====== SUPPLIED DATA ======

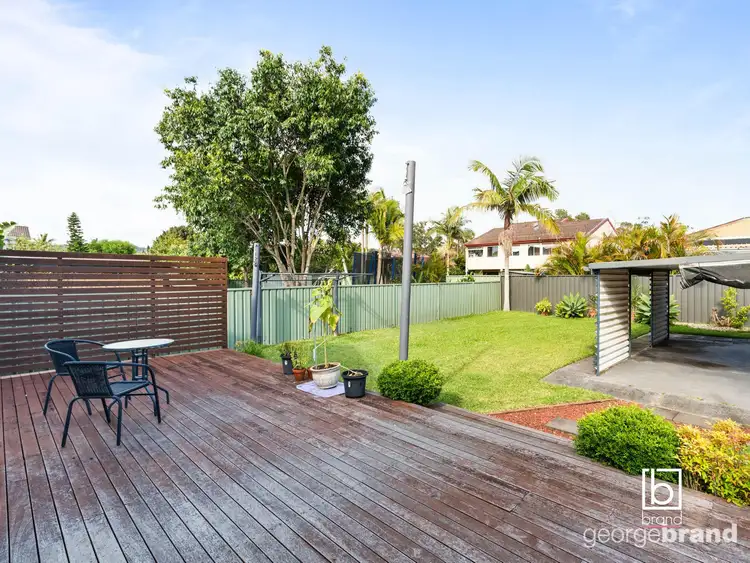 Fifth view of Homely house listing, 18 Laguna Parade, Berkeley Vale NSW 2261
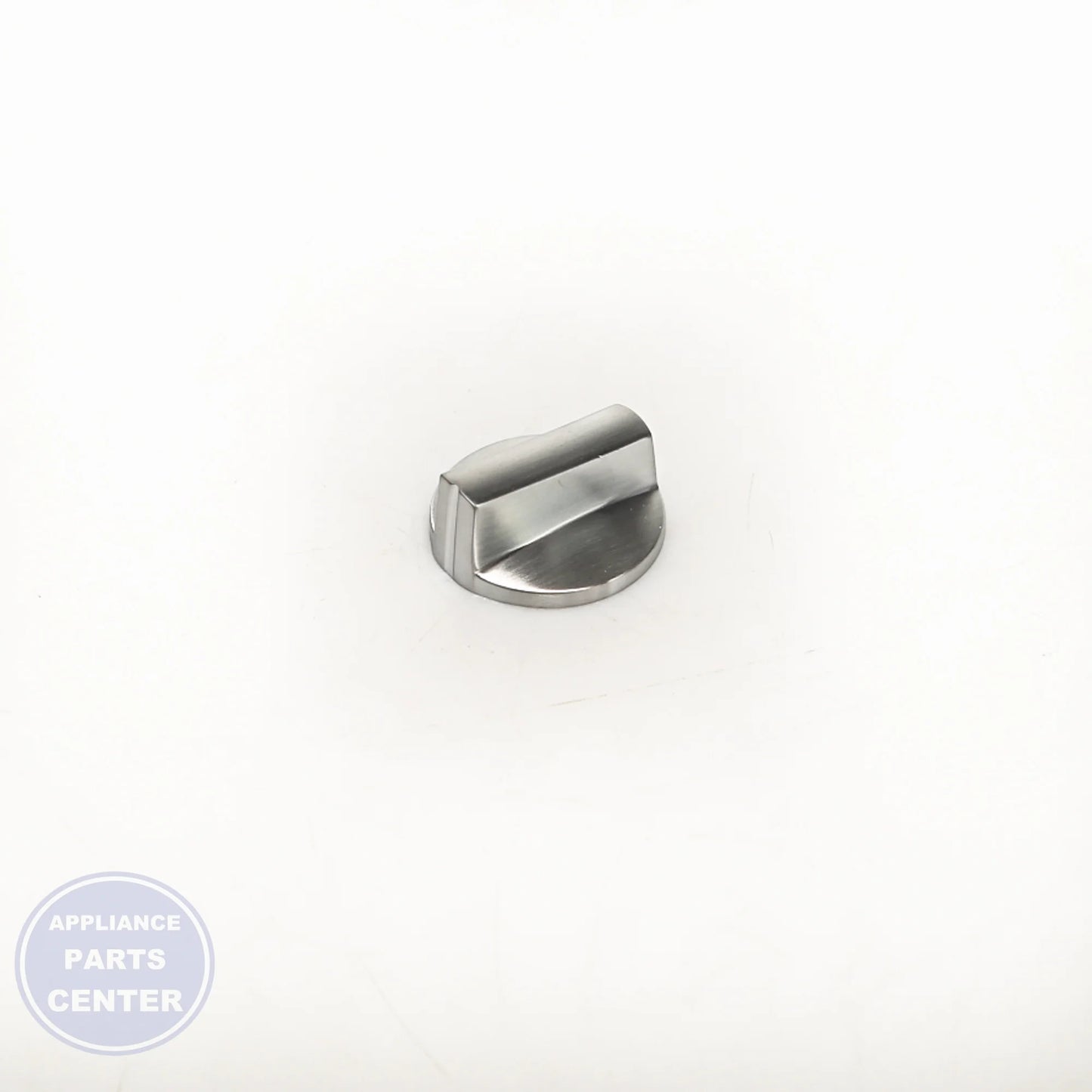 KNOB, METAL JA SI ELEC S W10213943 - Detailed view of high-quality materials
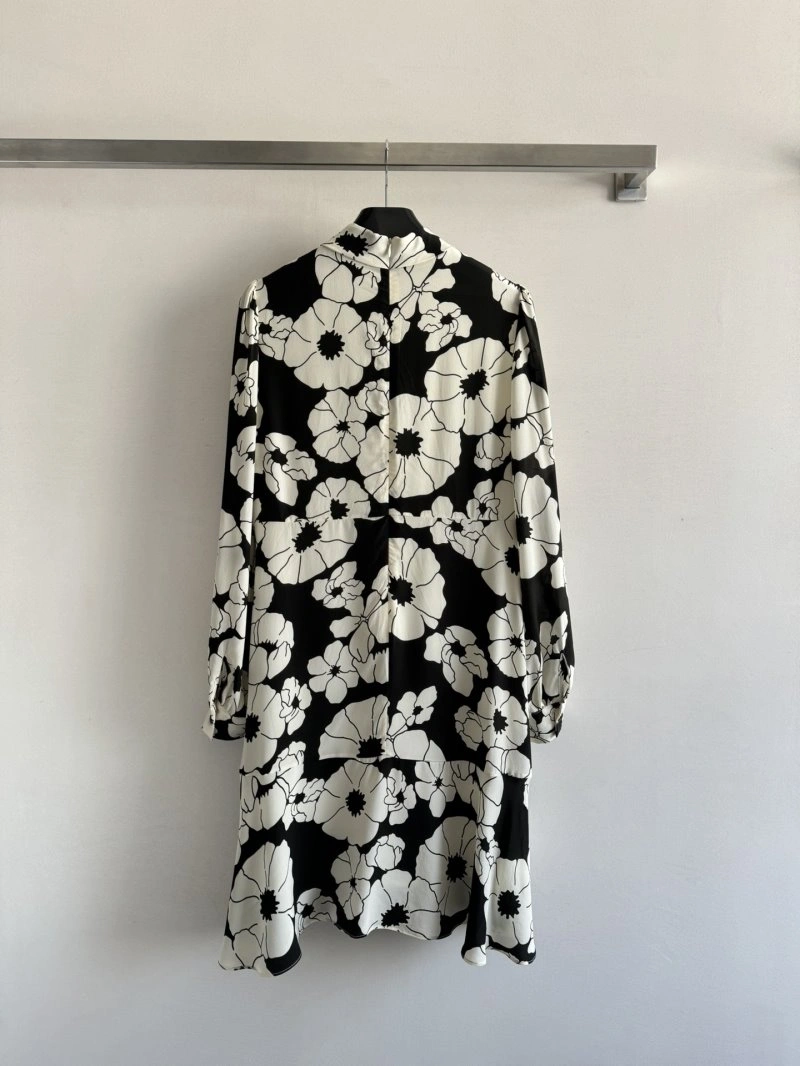 Celine Dress Neat 106929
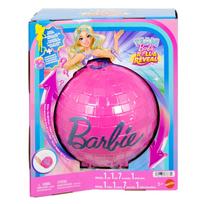 Barbie siurprizų rinkinys „Roll & Reveal“ – pop žvaigždė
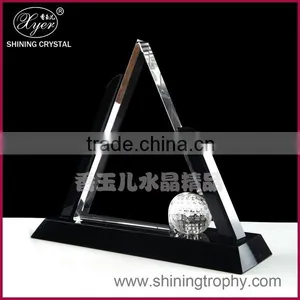 Triangle Crystal Award thumbnail-1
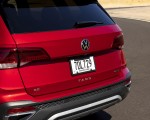 2022 Volkswagen Taos Detail Wallpapers 150x120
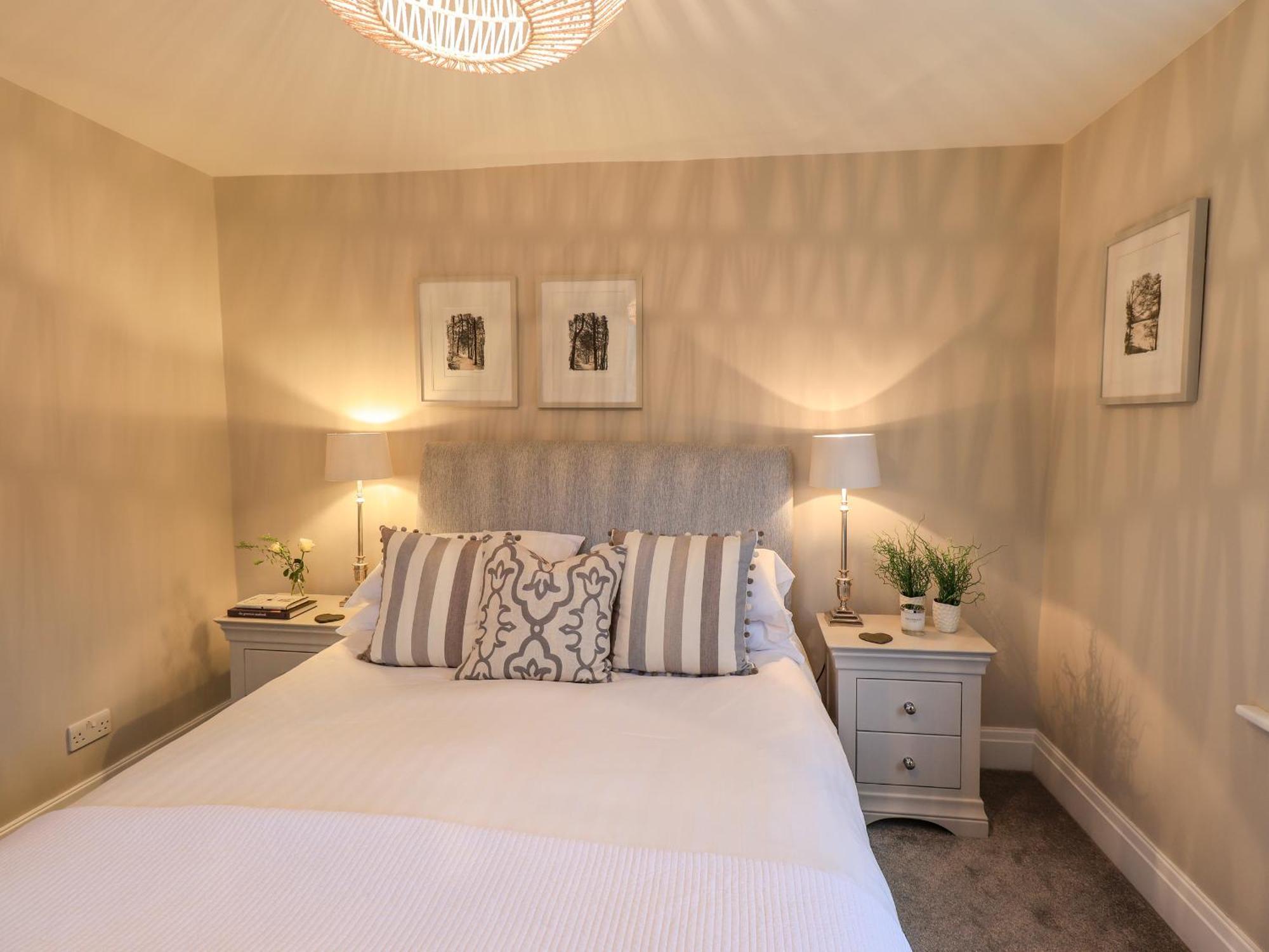 Honeywood House Villa Grasmere Dış mekan fotoğraf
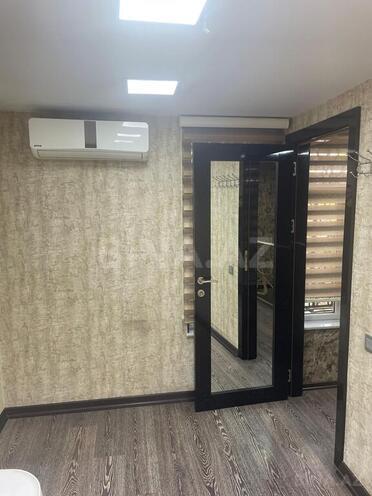 Объект - м. Низами - 200 м² (26)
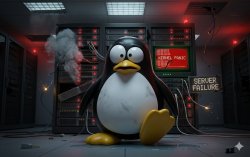 Linux meme Meme Template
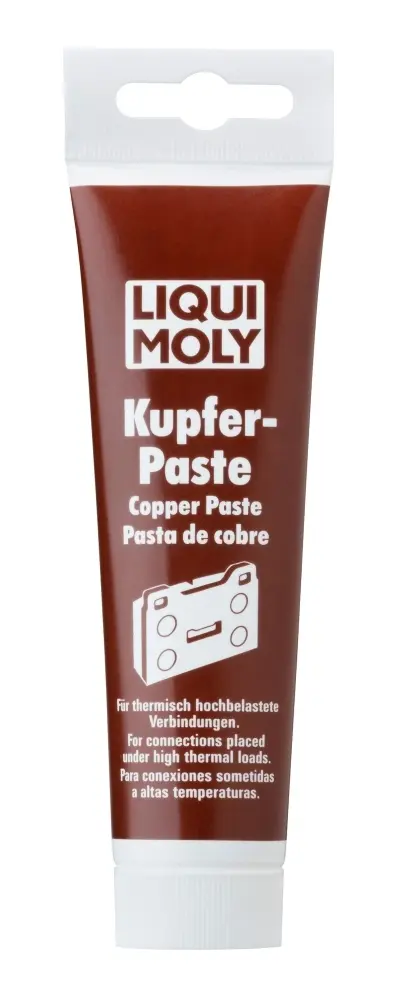 LIQUI MOLY 3080 PASTA DE COBRE (100G)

======

■ EXERCISE GOAL
Beginning with the line that contains "Honeywood House Villa", output each line of the material above through the last one exactly as it stands. Do not include the pictures.

■ FINISHED TASK
 Honeywood House Villa Grasmere Dış mekan fotoğraf
 Объект - м. Низами - 200 м² (26)
 Linux meme Meme Template
 LIQUI MOLY 3080 PASTA DE COBRE (100G)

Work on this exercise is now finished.